Nachgeburtliche Entwicklung verläuft unterschiedlich

„Wir konnten zeigen, dass diese frühe Phase der Gehirnentwicklung beim Neandertaler fehlt“, erklärt Gunz. Neandertaler und moderne Menschen erreichen daher ähnliche Gehirnvolumina, aber entlang unterschiedlicher Entwicklungsmuster. In einer früheren Studie hatten die Max-Planck-Forscher die Gehirnentwicklung von modernen Menschen und Schimpansen verglichen. Nachdem die Milchzähne durchgebrochen sind, wachsen deren Gehirne erstaunlich ähnlich. Jedoch direkt nach der Geburt sind die Wachstumsmuster des Gehirns völlig unterschiedlich zwischen modernen Menschen und Schimpansen.

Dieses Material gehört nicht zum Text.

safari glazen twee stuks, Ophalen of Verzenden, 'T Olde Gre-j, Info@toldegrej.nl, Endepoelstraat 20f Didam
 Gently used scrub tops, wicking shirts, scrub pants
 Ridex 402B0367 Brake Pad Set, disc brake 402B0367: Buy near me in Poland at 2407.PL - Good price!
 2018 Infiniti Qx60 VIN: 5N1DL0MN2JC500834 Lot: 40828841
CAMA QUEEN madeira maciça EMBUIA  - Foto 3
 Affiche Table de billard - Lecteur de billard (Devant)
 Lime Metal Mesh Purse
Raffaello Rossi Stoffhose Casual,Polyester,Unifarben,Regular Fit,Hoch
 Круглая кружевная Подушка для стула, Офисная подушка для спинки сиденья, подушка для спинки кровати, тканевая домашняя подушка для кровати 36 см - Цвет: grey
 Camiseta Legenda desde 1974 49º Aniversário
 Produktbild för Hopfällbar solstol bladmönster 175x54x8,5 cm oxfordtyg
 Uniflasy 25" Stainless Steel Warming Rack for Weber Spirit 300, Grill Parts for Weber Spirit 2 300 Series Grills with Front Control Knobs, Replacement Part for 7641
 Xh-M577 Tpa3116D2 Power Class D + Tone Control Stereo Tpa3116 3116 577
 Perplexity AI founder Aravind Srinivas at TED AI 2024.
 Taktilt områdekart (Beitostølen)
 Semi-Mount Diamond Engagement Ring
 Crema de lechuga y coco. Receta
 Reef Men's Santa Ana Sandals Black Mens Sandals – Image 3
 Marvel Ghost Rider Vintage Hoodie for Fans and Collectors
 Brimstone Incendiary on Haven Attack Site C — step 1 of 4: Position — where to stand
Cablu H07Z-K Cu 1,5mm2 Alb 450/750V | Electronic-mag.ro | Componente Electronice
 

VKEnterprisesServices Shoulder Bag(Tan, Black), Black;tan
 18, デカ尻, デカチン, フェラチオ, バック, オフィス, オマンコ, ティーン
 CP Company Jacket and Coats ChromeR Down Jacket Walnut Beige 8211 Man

„Entwicklungsmuster, die bei Schimpansen, modernen Menschen und Neandertalern gleich sind, gehen vermutlich auf den gemeinsamen Vorfahren vor vielen Millionen Jahren zurück“, erklärt Simon Neubauer. Im ersten Lebensjahr weichen moderne Menschen von diesem ursprünglichen Entwicklungsmuster ab.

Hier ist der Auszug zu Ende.